◆ Task inputs:
*** Block opens ***
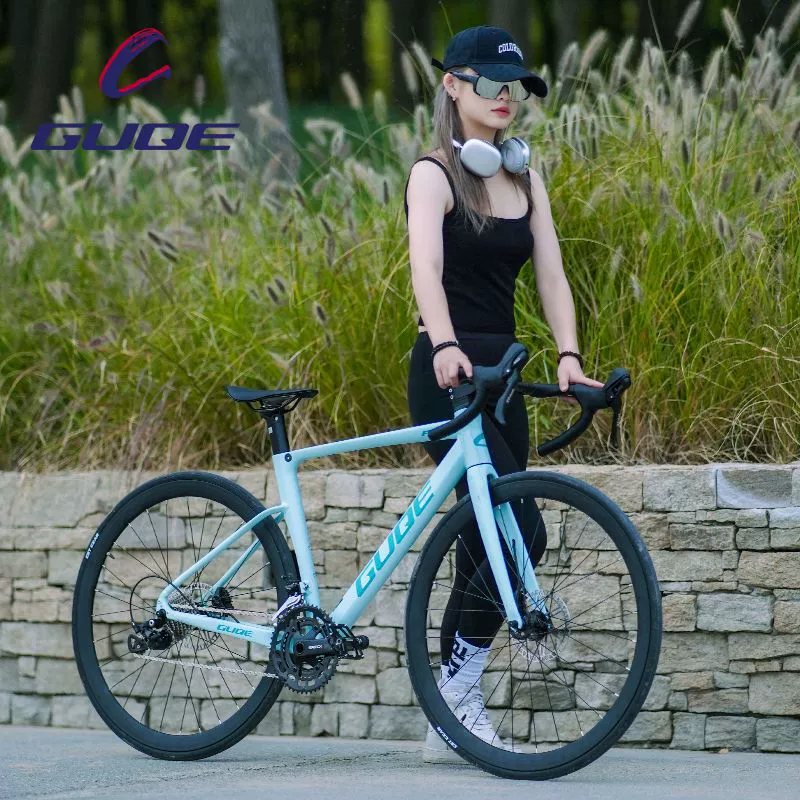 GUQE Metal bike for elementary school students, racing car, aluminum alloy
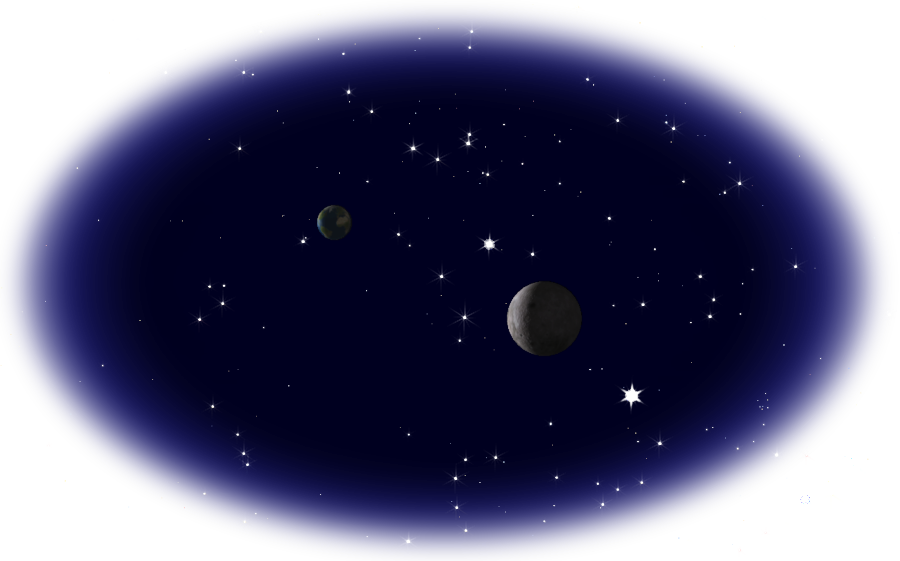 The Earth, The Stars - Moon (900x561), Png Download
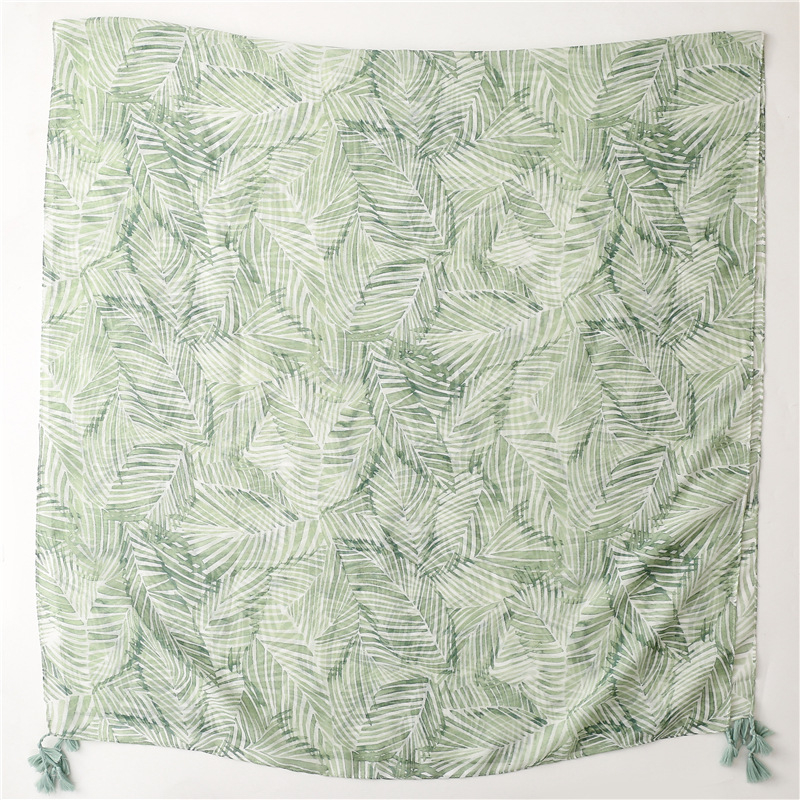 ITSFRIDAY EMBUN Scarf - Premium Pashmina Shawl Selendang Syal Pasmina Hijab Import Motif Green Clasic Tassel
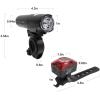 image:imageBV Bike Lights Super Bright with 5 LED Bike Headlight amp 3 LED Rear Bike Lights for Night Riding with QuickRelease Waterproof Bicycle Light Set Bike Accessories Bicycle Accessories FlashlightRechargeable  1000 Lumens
*** Block closes ***
*** Block opens ***
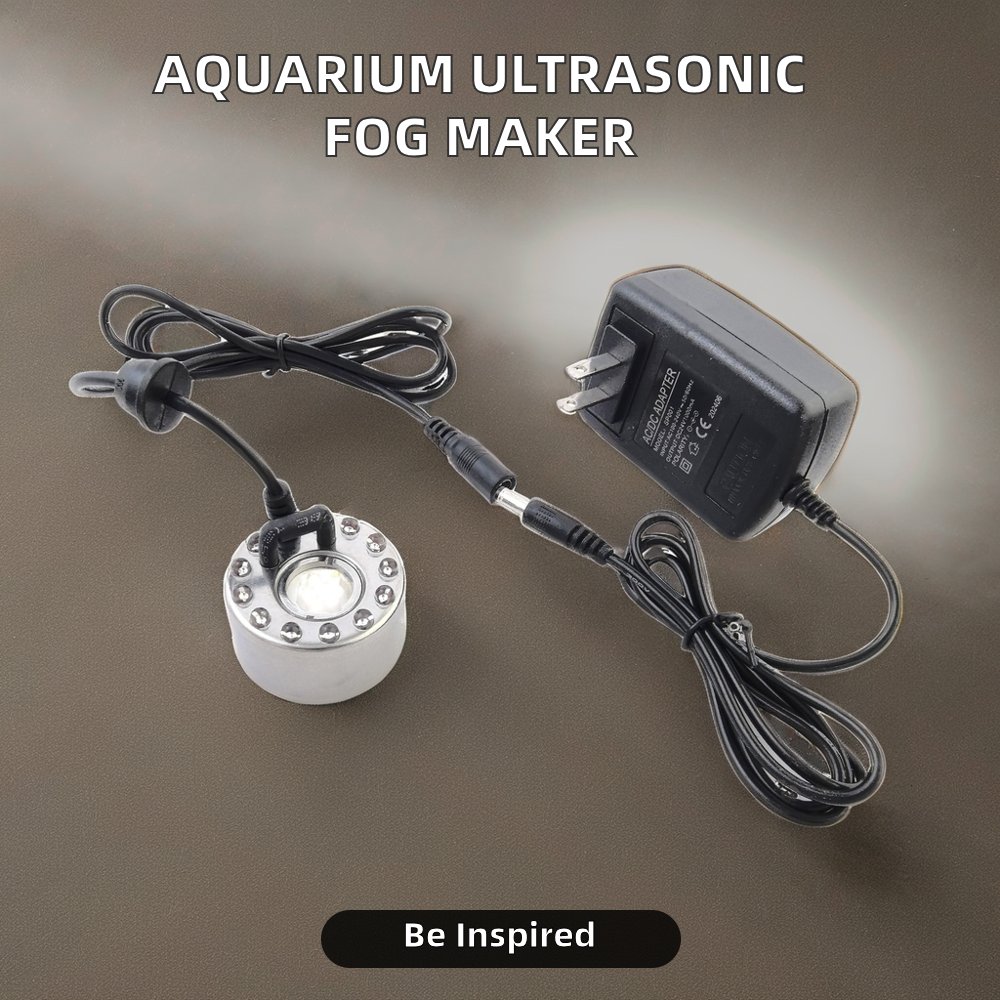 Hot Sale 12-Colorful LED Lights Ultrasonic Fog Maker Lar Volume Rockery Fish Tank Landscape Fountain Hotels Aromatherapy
*** Block closes ***
◆ Problem to solve: Copy word for word the lines above, starting at the line containing "GUQE Metal bike" and ending at the line containing "ITSFRIDAY EMBUN Scarf", inclusive, with no pictures.

◆ Result below:
 GUQE Metal bike for elementary school students, racing car, aluminum alloy
 The Earth, The Stars - Moon (900x561), Png Download
 ITSFRIDAY EMBUN Scarf - Premium Pashmina Shawl Selendang Syal Pasmina Hijab Import Motif Green Clasic Tassel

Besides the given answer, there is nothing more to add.